02 June 2015

Good Governance from ……… Nigeria?!?!?!?!?!

I'm actually serious here.

Not only did the Nigerian parliament pass a ban on female genital mutilation, but it was done in a way in which the successor politicians get political cover to enforce the law:
Nigerian President Goodluck Jonathan signed a bill this week that criminalizes female genital mutilation or cutting, a practice that a staggering 19.9 million Nigerian women are thought to have undergone. The landmark legislation is being hailed as an important step for Africa’s most populous country but also one that experts hope will have a potential ripple effect on the 26 other African nations that have significant populations of women who undergo the practice.
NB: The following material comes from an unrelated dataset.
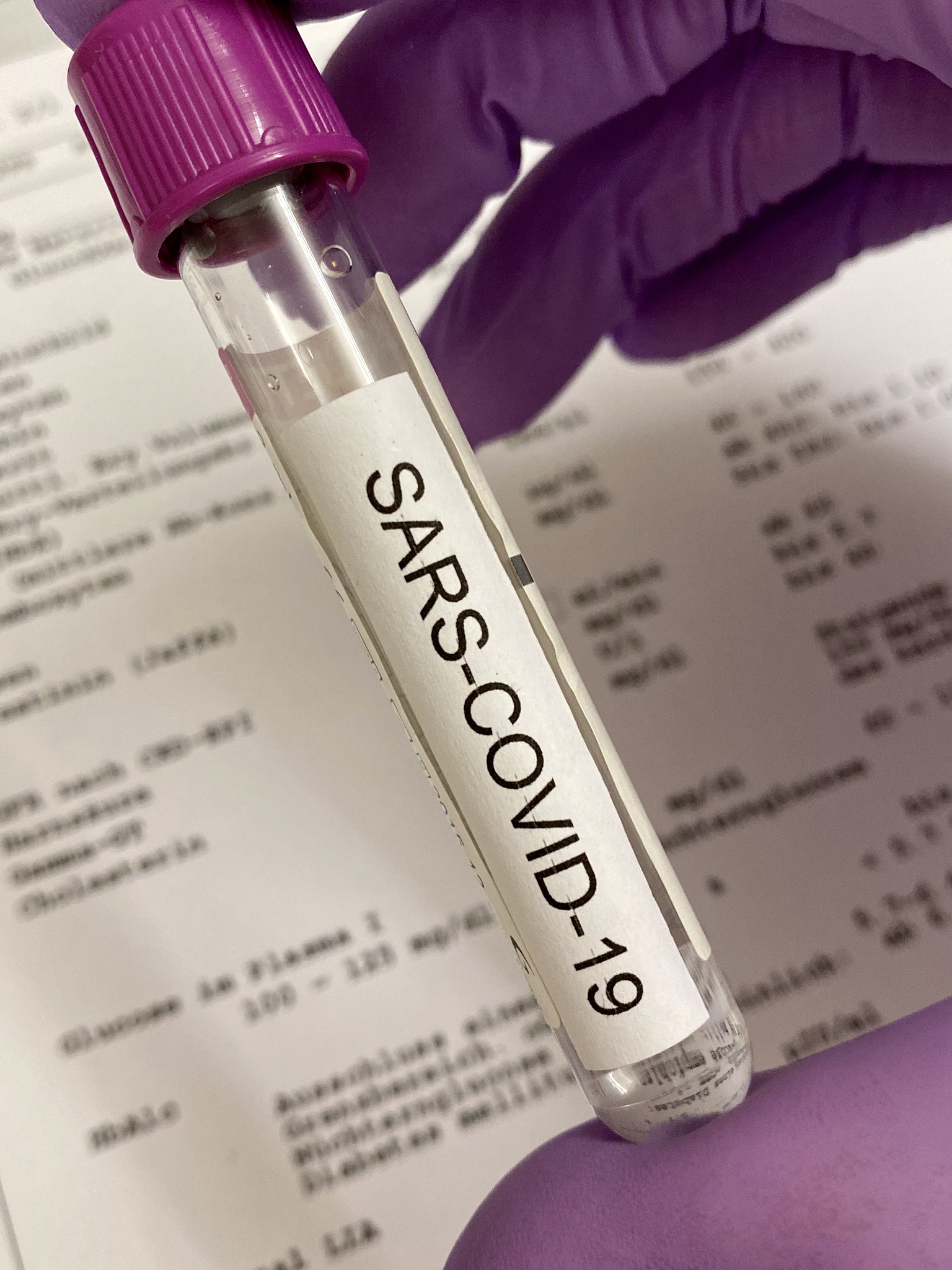 疾控中心实习记录：经验分享和技能提升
Nigeria’s decision to outlaw female genital mutilation (FGM) sends “a powerful signal not only within Nigeria but across Africa,” according to J. Peter Pham, the director of the Africa Center at the Atlantic Council. “Nigeria, just because of the sheer size of its population, has one of the highest absolute number of cases of FGM in the world,” he said, adding that the bill now effectively criminalizes a significant percentage of FGM on the African continent. “One cannot overestimate the impact of any decision by Nigeria [on the continent].”
Here is the important bit:
In this regard, the timing of Nigeria’s decision to outlaw the procedure is no coincidence. While advocates have campaigned for this legislation for over a decade, it was only passed this week, in the final days of the Jonathan presidency. “There's a price to be paid by bucking norms that are widely observed,” said Pham. “It took a lame duck president and lame duck legislators who don't have to face voters to undertake something that goes that much against the cultural norms or practices.”

Indeed, Pham argued that Jonathan has even done a favor for his successor, President-elect Muhammadu Buhari, who will now not have to face future voter backlash by legislating the controversial issue. “It's already signed and Buhari can say he's simply enforcing the laws,” he said.
This last bit is remarkable, particularly for a country whose political system is a dysfunctional as Nigeria's.

Normally, one would expect a defeated President to do whatever they could to plant policy land mines for his predecessor, much as GHW Bush did with Clinton on Somalia in 1992.

Props to the soon to be former President of Nigeria, Goodluck Jonathan, for doing the right thing in the right way in the most unlikely of places.